## Data below
-*-

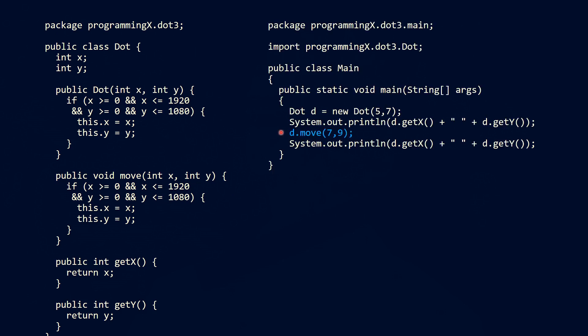Now, we have to call the move method instead of the setter methods. And if we do so, we see that we have to provide valid arguments here. If we do not provide valid arguments, then the point wouldn't be moved at all. Here is an example with an invalid argument, and if we print out the result of this, then we will see that the move operation did not succeed and we still have the same coordinates as in the printout above here.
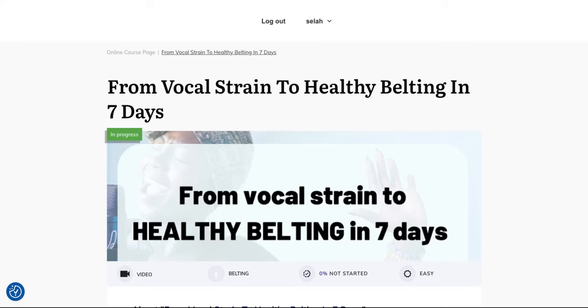Hello Singers! I just wanted to show you how my course From Vocal Strain to Healthy Belting in 7 Days looks from the inside.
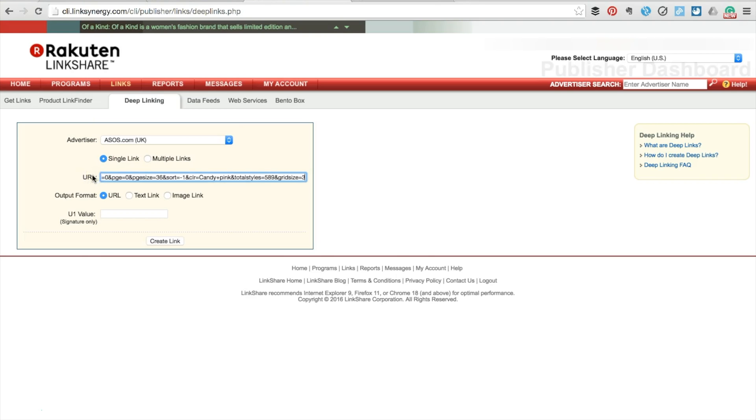Then, paste your copied URL in the box. We keep the URL output format selected too.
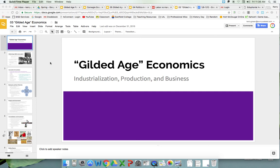Now that we've talked about the move west and how companies and corporations took advantage of this western expansion, you need to understand the big economic picture and some of these key terms related to the Gilded Age economy, particularly when talking about industrialization and production.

-*-

Only the lines from the one containing "Hello Singers! I" through the end of the data above are to be output, exactly and without pictures.

## Response below
Hello Singers! I just wanted to show you how my course From Vocal Strain to Healthy Belting in 7 Days looks from the inside.
Then, paste your copied URL in the box. We keep the URL output format selected too.
Now that we've talked about the move west and how companies and corporations took advantage of this western expansion, you need to understand the big economic picture and some of these key terms related to the Gilded Age economy, particularly when talking about industrialization and production.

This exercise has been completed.